---------- Source data

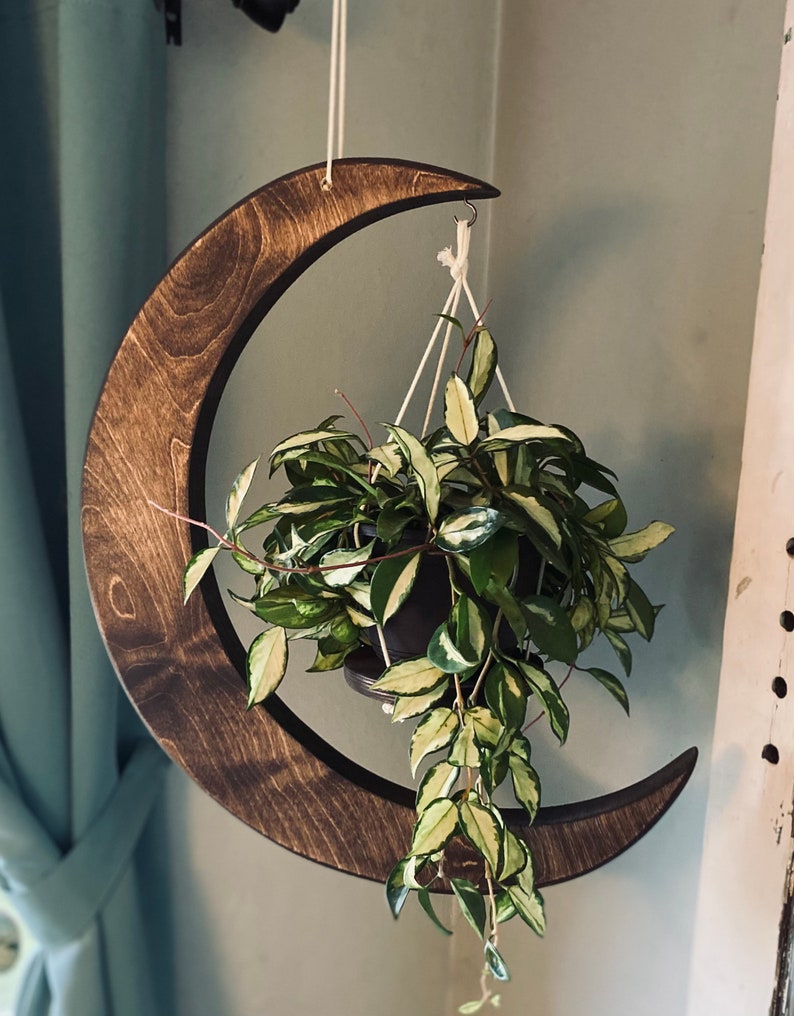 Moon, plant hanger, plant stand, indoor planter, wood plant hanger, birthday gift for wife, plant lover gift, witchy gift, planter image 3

--------------------
---------- Source data

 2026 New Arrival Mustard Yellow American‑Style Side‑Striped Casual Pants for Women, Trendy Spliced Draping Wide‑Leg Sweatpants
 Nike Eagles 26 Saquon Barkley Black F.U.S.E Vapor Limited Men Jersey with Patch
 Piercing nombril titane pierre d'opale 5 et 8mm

--------------------

§ Problem to work on:
Among the entries above, copy exactly only the lines starting with the one containing "2026 New Arrival" and going through the one containing "Piercing nombril titane", both ends included.

§ Answer for the task:
 2026 New Arrival Mustard Yellow American‑Style Side‑Striped Casual Pants for Women, Trendy Spliced Draping Wide‑Leg Sweatpants
 Nike Eagles 26 Saquon Barkley Black F.U.S.E Vapor Limited Men Jersey with Patch
 Piercing nombril titane pierre d'opale 5 et 8mm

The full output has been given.